The international mining giant Rio Tinto was to mine the coal while National
Power of the UK was to build the power station on a Build Operate and
Transfer basis. Also on the cards, ware the Lupane Gas turbines, to be built
by the British.

Both projects froze in the political chill.

In November 1997, Mugabe buckled under pressure from war veterans and paid
them Z$5billion of printed money, after his party’s big wigs had looted the
first Z$5bn in the early 90s. The second amount was looted too. But money
printing eventually devastated the country’s economy which ended up with a
worthless currency.

Zesa was asked to contribute Z$88m to the war veterans’ pay packets, despite
the printed money. Government said the contribution was a dividend or half
of the annual profits for the years 1995 to 1997. The utility didn’t have
the money. Organisations don’t keep profits locked away in vaults for future
use. Zesa had to borrow the money from the expensive money markets despite
the fact that, government had not put a cent in Zesa, except to guarantee
loans from international
organisations.

As it turned out, the guarantor later failed to pay back loans from the
World Bank, IMF and the African Development Bank.

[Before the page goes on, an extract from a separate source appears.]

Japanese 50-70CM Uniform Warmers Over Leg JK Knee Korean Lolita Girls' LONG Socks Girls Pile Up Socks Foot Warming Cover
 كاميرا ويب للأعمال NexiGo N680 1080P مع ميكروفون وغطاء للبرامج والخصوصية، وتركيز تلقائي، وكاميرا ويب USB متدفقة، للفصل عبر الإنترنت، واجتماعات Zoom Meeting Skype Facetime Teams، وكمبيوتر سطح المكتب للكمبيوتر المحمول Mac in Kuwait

The printing of the Zimbabwe dollar sent the currency into a downward
spiral. Zesa’s power import bill jumped overnight from Z$360m, to over
Z$700m and kept increasing. The increases could not be met from tariff
hikes. In one fell swoop, the parastatal, once regarded by the World Bank as
one of the best run power utilities in Africa, lost its profitability and
began its descend to mediocrity.

Planning became a nightmare under a currency whose value kept receding. Debt
servicing became impossible as the local equivalent of the US dollar
ballooned disproportionately.

On the day the war veterans were paid, 11 November 2007, the local bourse
crashed and there was a nationwide blackout – an event that became known as
“Black Friday” and marked the beginning of the dark ages for the country.

In order to implement the SDP, it had been planned to factor the cost of the
new projects into the tariffs. A study called the long run marginal cost
pricing (LRMCP) had been carried out to protect consumers from sudden sharp
increases. This was to be done over a three-year period from 1997 to 2000.
Government never acceded to the implementation of the LRMCP tariff; neither
did it allow the utility to implement cost-based tariffs, fearing the
political implications of the increases.

As a result, consumers got electricity below cost price when they could
afford to pay in the mid 90s up to about 2000. And when they could not
afford to pay, because of a collapsed economy following a ten-year meltdown,
the utility tried to charge electricity at cost price.

Politicians had pretended they were protecting the consumer and were acting
in the public interest, but the consequences of their decisions have come
back to haunt the public which is suffering prolonged blackouts and the use
of costly alternatives -firewood and paraffin for the poor and generators
and gas for the well-heeled.

The Zimbabwe’s power crisis can only be solved by building new generation
capacity. Unfortunately, a lead time of up to five years and massive capital
is needed to build a power station. The Zimbabwe government cannot raise the
sums required and independent power producers are reluctant to invest in the
country with skewed property rights and new indigenisation rules which
require foreign firms to cede 50 percent of the shareholding to locals.

Political talk is that the Chinese will build Sengwa, but many are
skeptical. There is reluctance from Mugabe’s eastern friends to invest after
he failed to pay back moneys owing on the refurbishment of Zisco’s furnace
number four. Vice President Joyce Mujuru recently said the Chinese were not
keen to take up projects given to them on a silver plata.

Some questions remain unanswered. Are the Chinese going to build the power
lines that are going to carry power from the Sengwa to the power demand
centres? That too requires massive investment?

Finance Minister Tendai Biti recently came back from a visit to China with a
briefcase full of bilateral agreements and no funds.

It has become clear that unless the country has enough electricity,water and
a credible property rights policy, the much talked about  industrial take
off will not materialise.

Meanwhile, there is no power to the people.